At the time, this felt like a great idea, as it tied together different eras of "Star Wars" while also providing an original story. Starkiller proved quite popular with audiences, who wanted to see the character turn up in one of the canon pieces of media. While it was too late for him to appear in "The Clone Wars," he did almost show up in "Rebels" as part of Vader's Inquisitorius.
Sam Witwer, who performed the role of Starkiller in "The Forced Unleashed" and also voiced Maul in "Rebels," has spoken about the character almost making the leap to TV. In a video on Cameo (via YouTube), Witwer confirmed that "Dave [Filoni ]at one point, when he was doing 'Rebels,' thought about including [Starkiller] as an Inquisitor."
Revenge of the Sith
Of course, this didn't end up happening. It makes sense, as Starkiller is a very difficult character to pull in TV and film. For one, he is essentially a big power fantasy: a character that gives players the ability to embody not just a Force user, but the most powerful Force user, one even Vader would fear. In the most memorable scene in the game, Starkiller literally rips an entire Star Destroyer out of the sky with the Force. Try that on for size, Yoda! To include him in "Rebels" would mean seriously scaling down the character's powers, which would do him and the games a disservice.

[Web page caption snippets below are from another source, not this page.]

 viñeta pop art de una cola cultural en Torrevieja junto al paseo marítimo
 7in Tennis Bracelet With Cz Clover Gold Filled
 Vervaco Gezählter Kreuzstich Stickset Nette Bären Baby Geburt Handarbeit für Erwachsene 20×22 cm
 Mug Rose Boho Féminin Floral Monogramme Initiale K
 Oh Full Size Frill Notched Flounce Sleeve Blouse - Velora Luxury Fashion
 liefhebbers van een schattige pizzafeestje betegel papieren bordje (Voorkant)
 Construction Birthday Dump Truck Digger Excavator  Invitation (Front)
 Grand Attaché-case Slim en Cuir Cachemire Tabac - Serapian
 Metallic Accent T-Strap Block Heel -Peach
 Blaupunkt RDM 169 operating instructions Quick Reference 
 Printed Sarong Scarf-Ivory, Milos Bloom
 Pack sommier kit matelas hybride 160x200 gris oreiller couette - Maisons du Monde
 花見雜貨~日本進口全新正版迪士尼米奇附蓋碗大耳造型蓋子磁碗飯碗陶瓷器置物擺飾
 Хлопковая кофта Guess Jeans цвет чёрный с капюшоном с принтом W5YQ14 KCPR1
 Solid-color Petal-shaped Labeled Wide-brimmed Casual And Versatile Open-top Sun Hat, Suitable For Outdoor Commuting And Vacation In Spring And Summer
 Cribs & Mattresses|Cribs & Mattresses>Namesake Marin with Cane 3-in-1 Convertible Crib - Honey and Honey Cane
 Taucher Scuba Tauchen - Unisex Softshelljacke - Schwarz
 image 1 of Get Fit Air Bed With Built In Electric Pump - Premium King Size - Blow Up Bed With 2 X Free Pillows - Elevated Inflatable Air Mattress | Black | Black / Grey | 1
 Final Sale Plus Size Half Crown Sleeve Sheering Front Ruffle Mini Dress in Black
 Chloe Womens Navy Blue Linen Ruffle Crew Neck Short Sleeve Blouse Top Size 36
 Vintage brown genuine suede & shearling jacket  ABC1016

There's also the "Vader's secret apprentice" thing, which works wonderfully on a game focused on said apprentice, but less so if Starkiller is just another villain in a much larger show. As cool as the Inquisitors were — cool enough to show up on both "Obi-Wan Kenobi," and "Ahsoka" — they kind of blended all together, so Starkiller would be quite forgettable. Even as the only Inquisitor, his backstory is too big to just be another character.
"Starkiller was the Inquisitor, the Grand Inquisitor, or all of the Inquisitors really," Witwer reflected. "But he was also Kanan and Ezra." While the actor thinks that "you could definitely figure out how to fit a story around it" (and even threw out a few ideas for what that story should look like), he also acknowledged that forging a place for Darth Vader's secret apprentice in "Rebels" would have been "tricky."
Still, fans have never stopped believing, even making up wild theories about Starkiller being alive (despite several deaths) in the time of "Ahsoka" in the form of the mysterious and kind of useless Marrok.